▶ TASK TO CARRY OUT: Take the data below and copy exactly the lines starting at the one with "Anastasios I: Die" and finishing at the one with "巨乳 无码 多晶硅8月出口量同比大增4182% 对工业硅需求有何影响？", both included.

─── RECORDS FOR THIS EXERCISE

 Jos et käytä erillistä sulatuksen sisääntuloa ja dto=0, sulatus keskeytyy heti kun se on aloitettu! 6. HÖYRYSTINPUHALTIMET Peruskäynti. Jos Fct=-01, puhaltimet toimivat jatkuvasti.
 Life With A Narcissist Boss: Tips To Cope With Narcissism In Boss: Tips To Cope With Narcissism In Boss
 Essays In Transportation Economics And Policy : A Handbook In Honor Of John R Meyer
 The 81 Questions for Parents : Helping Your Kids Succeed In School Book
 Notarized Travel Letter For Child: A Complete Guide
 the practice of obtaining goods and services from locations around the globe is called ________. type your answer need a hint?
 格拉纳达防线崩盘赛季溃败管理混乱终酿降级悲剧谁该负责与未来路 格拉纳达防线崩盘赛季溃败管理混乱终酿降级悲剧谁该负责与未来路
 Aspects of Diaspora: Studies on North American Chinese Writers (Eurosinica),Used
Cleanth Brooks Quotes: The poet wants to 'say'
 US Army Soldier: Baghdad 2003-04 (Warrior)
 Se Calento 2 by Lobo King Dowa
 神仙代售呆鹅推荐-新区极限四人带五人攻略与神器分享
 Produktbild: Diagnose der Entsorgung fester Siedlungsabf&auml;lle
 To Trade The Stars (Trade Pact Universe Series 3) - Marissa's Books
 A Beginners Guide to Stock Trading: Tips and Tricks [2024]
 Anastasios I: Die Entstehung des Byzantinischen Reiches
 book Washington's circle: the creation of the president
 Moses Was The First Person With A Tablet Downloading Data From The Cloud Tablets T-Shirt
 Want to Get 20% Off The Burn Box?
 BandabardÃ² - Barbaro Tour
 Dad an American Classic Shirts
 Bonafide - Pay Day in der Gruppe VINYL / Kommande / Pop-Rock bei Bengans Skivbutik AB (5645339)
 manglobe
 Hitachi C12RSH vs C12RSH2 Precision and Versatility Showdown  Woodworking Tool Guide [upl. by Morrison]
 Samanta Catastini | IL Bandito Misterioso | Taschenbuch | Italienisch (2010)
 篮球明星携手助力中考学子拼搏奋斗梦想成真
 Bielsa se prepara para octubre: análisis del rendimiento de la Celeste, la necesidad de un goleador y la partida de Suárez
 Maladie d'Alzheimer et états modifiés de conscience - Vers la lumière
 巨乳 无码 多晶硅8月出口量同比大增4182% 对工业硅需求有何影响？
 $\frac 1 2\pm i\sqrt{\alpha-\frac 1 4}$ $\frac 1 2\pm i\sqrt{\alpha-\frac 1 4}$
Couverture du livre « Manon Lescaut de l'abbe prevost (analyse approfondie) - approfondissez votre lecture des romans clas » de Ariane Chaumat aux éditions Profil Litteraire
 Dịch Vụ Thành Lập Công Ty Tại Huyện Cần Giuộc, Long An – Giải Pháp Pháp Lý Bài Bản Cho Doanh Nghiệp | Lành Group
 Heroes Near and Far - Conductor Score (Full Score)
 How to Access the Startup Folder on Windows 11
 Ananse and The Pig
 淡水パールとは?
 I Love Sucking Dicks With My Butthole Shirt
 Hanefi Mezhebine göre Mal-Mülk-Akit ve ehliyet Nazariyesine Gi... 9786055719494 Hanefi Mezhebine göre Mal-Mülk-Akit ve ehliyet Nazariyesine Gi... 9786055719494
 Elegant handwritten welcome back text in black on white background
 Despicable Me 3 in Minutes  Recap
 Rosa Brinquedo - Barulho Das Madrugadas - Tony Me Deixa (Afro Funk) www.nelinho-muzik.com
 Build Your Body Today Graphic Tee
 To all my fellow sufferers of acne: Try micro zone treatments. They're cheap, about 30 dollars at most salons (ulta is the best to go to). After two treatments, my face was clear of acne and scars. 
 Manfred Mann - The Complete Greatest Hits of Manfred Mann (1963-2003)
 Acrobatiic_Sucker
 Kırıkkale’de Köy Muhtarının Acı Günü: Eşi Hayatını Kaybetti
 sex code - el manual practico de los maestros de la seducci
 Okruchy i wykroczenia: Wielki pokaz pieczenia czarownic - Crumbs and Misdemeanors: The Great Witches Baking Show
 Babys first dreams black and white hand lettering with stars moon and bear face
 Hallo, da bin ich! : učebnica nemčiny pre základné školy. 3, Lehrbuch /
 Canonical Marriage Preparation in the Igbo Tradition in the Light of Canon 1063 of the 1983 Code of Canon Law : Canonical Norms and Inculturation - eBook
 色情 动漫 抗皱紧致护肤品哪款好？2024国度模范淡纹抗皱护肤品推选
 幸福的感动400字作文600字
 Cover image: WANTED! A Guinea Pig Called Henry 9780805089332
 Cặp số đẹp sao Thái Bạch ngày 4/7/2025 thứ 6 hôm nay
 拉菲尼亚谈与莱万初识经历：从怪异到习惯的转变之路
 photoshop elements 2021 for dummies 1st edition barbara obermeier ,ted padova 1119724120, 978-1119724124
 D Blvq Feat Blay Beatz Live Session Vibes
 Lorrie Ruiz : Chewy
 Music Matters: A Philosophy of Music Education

──────

▶ WRITTEN SOLUTION:
 Anastasios I: Die Entstehung des Byzantinischen Reiches
 book Washington's circle: the creation of the president
 Moses Was The First Person With A Tablet Downloading Data From The Cloud Tablets T-Shirt
 Want to Get 20% Off The Burn Box?
 BandabardÃ² - Barbaro Tour
 Dad an American Classic Shirts
 Bonafide - Pay Day in der Gruppe VINYL / Kommande / Pop-Rock bei Bengans Skivbutik AB (5645339)
 manglobe
 Hitachi C12RSH vs C12RSH2 Precision and Versatility Showdown  Woodworking Tool Guide [upl. by Morrison]
 Samanta Catastini | IL Bandito Misterioso | Taschenbuch | Italienisch (2010)
 篮球明星携手助力中考学子拼搏奋斗梦想成真
 Bielsa se prepara para octubre: análisis del rendimiento de la Celeste, la necesidad de un goleador y la partida de Suárez
 Maladie d'Alzheimer et états modifiés de conscience - Vers la lumière
 巨乳 无码 多晶硅8月出口量同比大增4182% 对工业硅需求有何影响？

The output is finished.